**MATERIAL PROVIDED:**
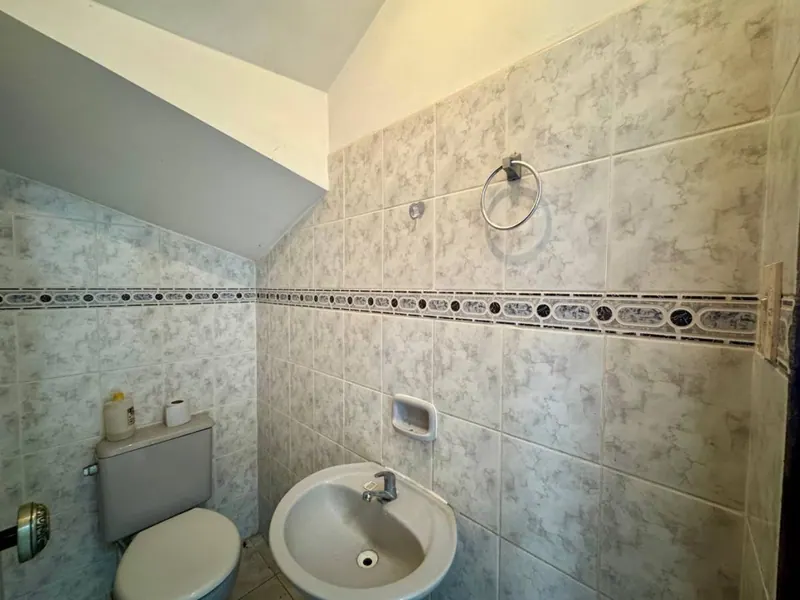 Casa de 3 dormitorios en venta en la urbanización Cotoca, Zona Este: foto 5 de 23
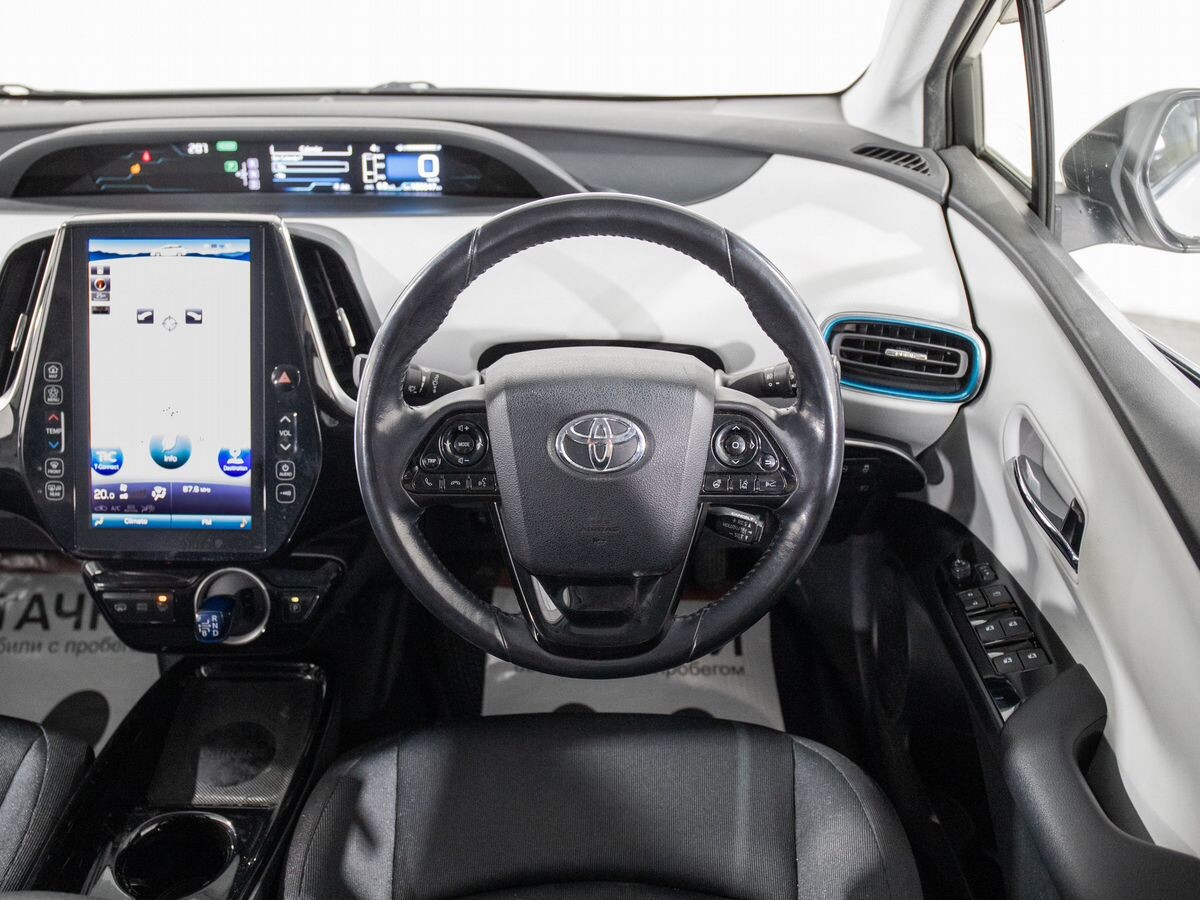 Toyota Prius 2018 - фото автомобиля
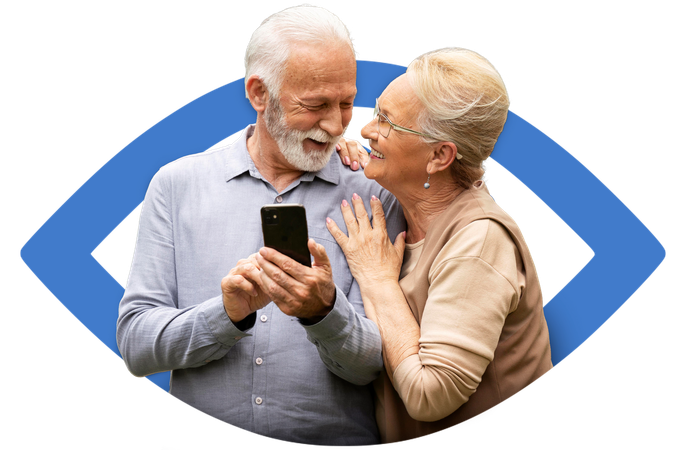 Um casal de idosos está olhando para um celular juntos. Representa o formulário de contato.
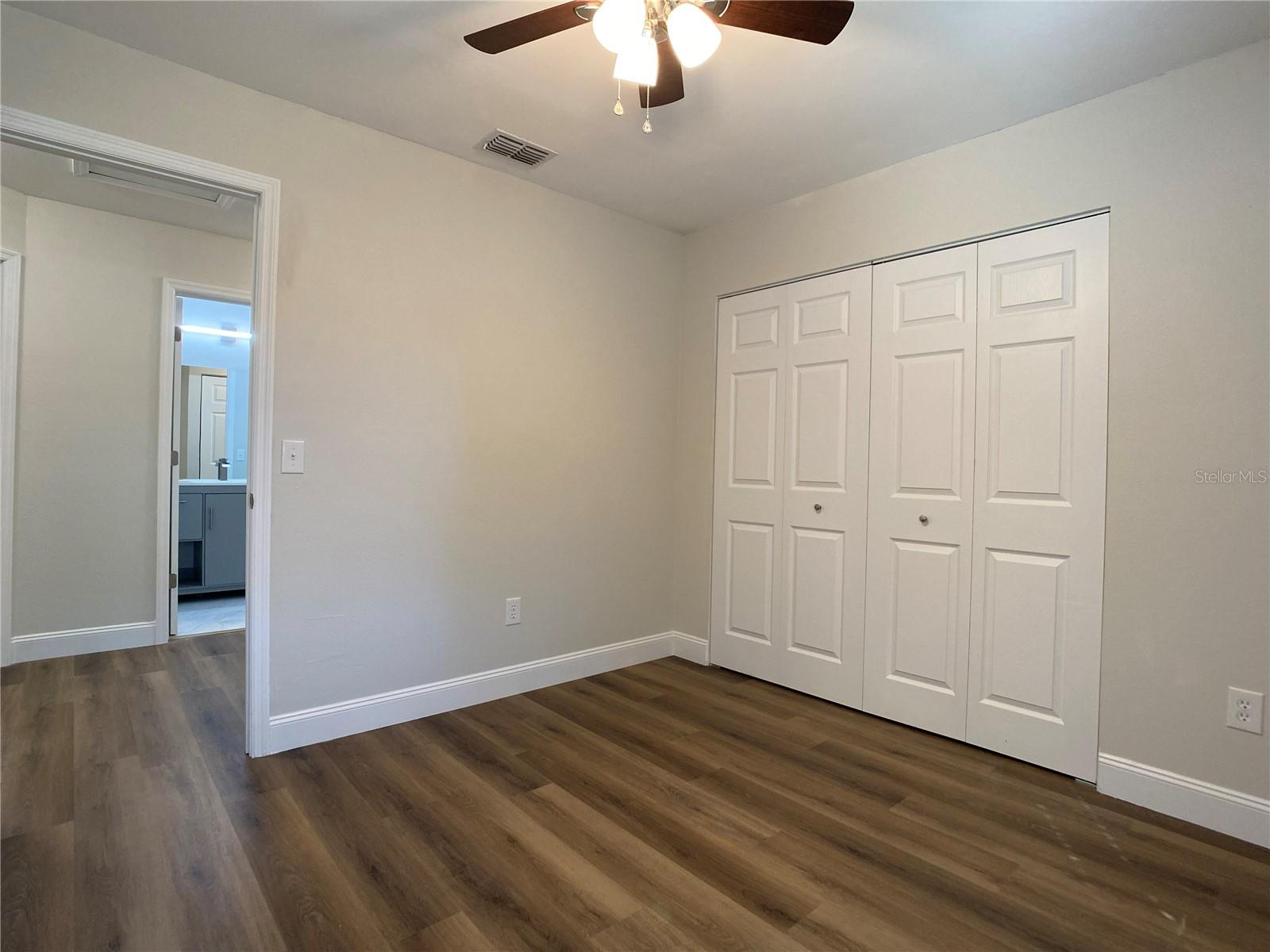 Image 39 of 39 For 18 Midway Court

**TASK ITEM:** Print the whole listing exactly. No pictures belong in the copy.

**WRITTEN RESPONSE:**
 Casa de 3 dormitorios en venta en la urbanización Cotoca, Zona Este: foto 5 de 23
 Toyota Prius 2018 - фото автомобиля
 Um casal de idosos está olhando para um celular juntos. Representa o formulário de contato.
 Image 39 of 39 For 18 Midway Court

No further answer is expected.